Seusai menari, para pengiring akan melepas kuku emas dari jari tangan pengantin wanita, kemudian pasangan mempelai menaiki pelaminan dan bersanding berdampingan didampingin keluarga kedua orangtua.

Adu Pengantin-Karo

tarian adu pengantin
Adu pengantin merupakan prosesi dimana pengantin pria dan wanita Karo bernyanyi dan menari di tengah pesta. Adu pengantin juga sebagai tanda penyambutan terhadap seluruh keluarga dari pihak laki-laki maupun keluarga.

Sebelum melakukan Adu Pengantin, ada beberapa tata cara adat yang dilakukan pihak wakil keluarga mempelai wanita dan wakil keluarga pengantin pria. Setelah itu pengantin pria dan wanita ke tengah ruang pesta, dan menari bersama. Selain menari, juga menyanyi. Bergantian, pengantin pria menyanyi lebih dulu.

Lagu yang dinyanyikan biasanya dipilih sesuai dengan keinginan pengantin dan biasanya pengantin pria dan wanita masing-masing menyanyikan dua lagu. Untuk lagu sendiri sebenarnya adalah tarian umum di adat Karo, namun pengantin harus menyesuaikan irama musik dengan hentakan kaki dan gerakan tangan.

Para tamu akan memberi uang saweran secara langsung  kepada mempelai yang berhasil ‘merebut’ perhatian tamu.

Saronde & Tidi Daa – Gorontalo

Saronde & Tidi Daa – Gorontalo
Tari Saronde merupakan salah satu tari pergaulan yang dilakukan dalam acara adat pengantin Gorontalo. Tarian ini lebih tepatnya sebagai ungkapan ‘perpisahan’ calon pengantin pria dengan para sahabat-sahabat yang masih bujang sebelum memasuki kehidupan rumah tangga.

Berbeda dengan adat Karo yang mengharuskan pengantin pria serta wanita menari bersama. Pada adat Gorontalo, pengantin pria menari tarian Saronde sebelum hari H, tepatnya setelah penyerahan barang hantaran.
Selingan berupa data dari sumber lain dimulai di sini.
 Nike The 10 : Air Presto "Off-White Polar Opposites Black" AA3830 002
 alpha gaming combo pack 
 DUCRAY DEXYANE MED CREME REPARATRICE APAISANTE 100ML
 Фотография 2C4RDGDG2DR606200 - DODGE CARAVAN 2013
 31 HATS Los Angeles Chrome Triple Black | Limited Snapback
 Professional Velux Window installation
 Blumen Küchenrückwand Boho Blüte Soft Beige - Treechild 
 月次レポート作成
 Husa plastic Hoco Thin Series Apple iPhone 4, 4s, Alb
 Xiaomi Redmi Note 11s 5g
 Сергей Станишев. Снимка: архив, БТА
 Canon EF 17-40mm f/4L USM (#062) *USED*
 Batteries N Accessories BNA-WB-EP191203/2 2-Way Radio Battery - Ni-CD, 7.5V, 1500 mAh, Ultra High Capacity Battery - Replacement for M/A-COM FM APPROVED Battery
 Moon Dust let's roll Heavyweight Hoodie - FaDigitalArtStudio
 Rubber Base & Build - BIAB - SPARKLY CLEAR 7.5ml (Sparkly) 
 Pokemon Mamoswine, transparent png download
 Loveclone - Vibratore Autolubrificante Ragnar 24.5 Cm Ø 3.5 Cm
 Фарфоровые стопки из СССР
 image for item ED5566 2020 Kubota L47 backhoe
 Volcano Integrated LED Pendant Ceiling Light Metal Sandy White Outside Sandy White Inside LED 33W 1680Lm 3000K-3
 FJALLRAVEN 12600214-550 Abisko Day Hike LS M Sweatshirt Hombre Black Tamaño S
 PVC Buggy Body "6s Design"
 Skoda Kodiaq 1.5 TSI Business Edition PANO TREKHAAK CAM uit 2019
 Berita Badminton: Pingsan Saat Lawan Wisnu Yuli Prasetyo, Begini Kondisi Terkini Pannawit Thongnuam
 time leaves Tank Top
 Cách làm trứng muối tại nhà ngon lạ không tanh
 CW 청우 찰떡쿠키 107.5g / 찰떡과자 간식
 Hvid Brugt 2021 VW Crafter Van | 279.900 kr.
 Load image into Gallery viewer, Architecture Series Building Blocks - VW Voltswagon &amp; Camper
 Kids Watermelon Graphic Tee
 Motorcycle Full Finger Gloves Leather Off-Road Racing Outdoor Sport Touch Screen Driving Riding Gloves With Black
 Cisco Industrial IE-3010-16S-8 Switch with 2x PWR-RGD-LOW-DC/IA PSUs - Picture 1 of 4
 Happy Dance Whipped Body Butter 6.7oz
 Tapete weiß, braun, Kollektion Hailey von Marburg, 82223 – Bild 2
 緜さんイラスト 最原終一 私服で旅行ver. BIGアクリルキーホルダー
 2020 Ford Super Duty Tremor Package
Ia berkalung selendang, menari dengan iringan tabuhan rebbana dan nyanyian vokal.

Sedangan pengantin wanita menari saat resepsi berlangsung. Ia didampingi seorang wanita kepercayaan atau keluarga dekatnya-yang sudah berkeluarga-, menari Tidi Daa atau Tidi Loilodiya. Mempelai wanita mengenakan busana adat pengantin Gorontalo menari di atas pelaminan dengan memegang sebilah pedang Polopolo dalam genggaman. Dengan tabuhan rebbana, mempelai pria duduk di pelaminan memainkan rebbana sambal menyaksikan ritual tari pengantin istrinya.

Maknanya, mempelai pria sebagai kepala keluarga harus bisa membimbing istri dalam segala tindakan.